The April 12-16 poll of 40 economists forecast the commodity-driven economy would grow on average 5.8% this year, the fastest pace of annual expansion in 13 years and the highest prediction since polling began in April 2019.
For next year, the consensus was upgraded to 4.0% from 3.6% growth predicted in January.
What is likely to help is the promise of a fiscal package by Prime Minister Justin Trudeau late last year, which the Canadian government was expected to outline, at least partly, in its first federal budget in two years, on April 19.
When asked what impact that would have, over half, or 11 of 20 economists, said it would boost the economy significantly. Eight respondents said it would have little impact and one said it would have an adverse impact.
“The economic impact of the federal government’s promised C$100 billion fiscal stimulus will depend most importantly on its make up,” said Tony Stillo, director of Canada economics at Oxford Economics.
“A stimulus package that enhances the economy’s potential could provide a material boost to growth without stoking price pressures.”
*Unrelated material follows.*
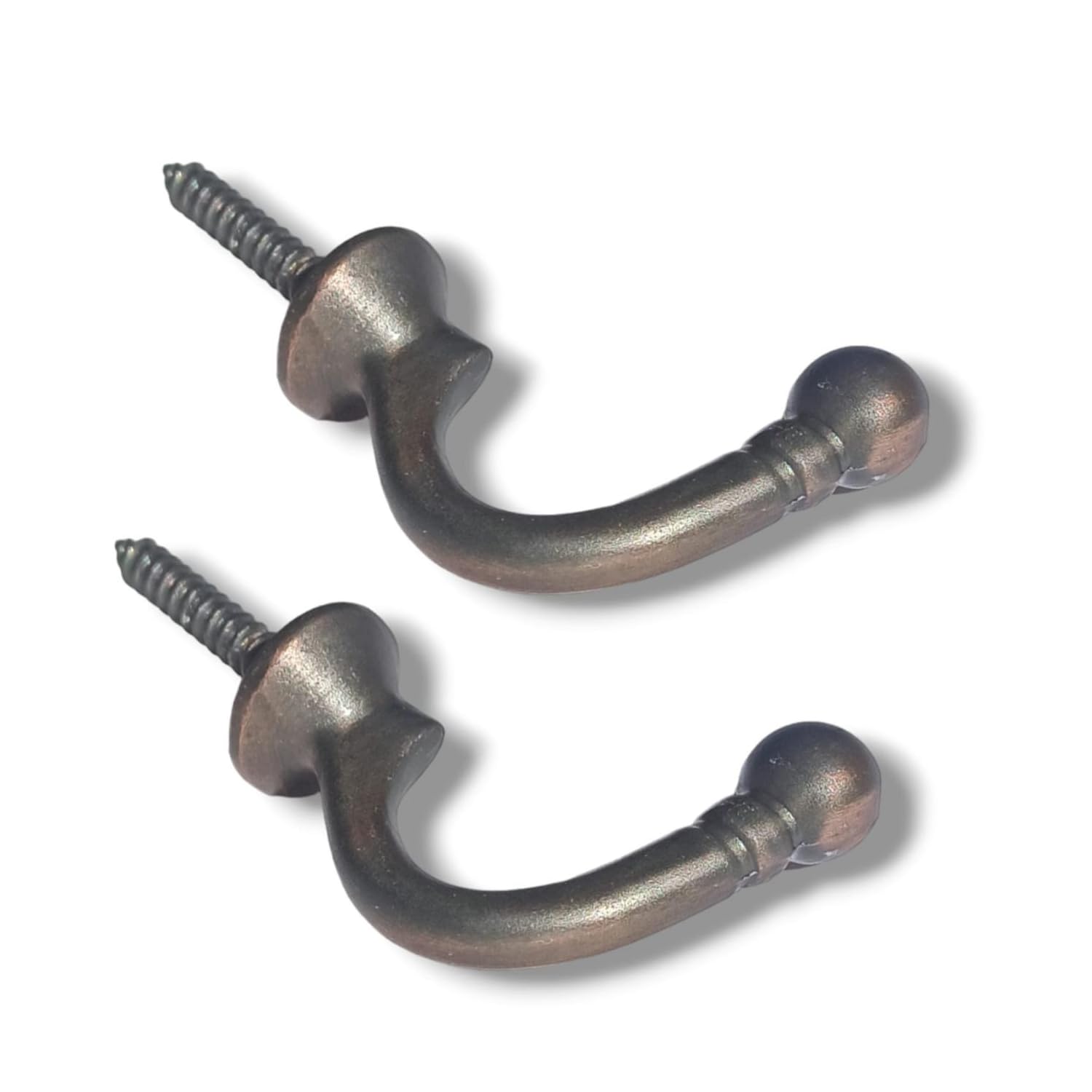 Ball End Curtain Holdbacks Hooks Gun Metal Ball End Curtain Holdbacks Hooks U Shaped Curtain Tie Hooks Curtain Drapery Hold Back Tie Back Hooks for Curtains Clothes Coat Hanger Hooks Pack of 2.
All but two of 17 economists expected the Bank of Canada to announce a taper to the amount of its weekly bond purchases at its April 21 meeting. The consensus showed interest rates left unchanged at 0.25% until 2023 at least.
“The BoC is set to cut the pace of its asset purchases next week,” noted Stephen Brown, senior Canada economist at Capital Economics.
“While it will also upgrade its GDP forecasts, we expect it to make an offsetting change to its estimate of the economy’s potential, implying the Bank will not materially alter its assessment of when interest rates need to rise.”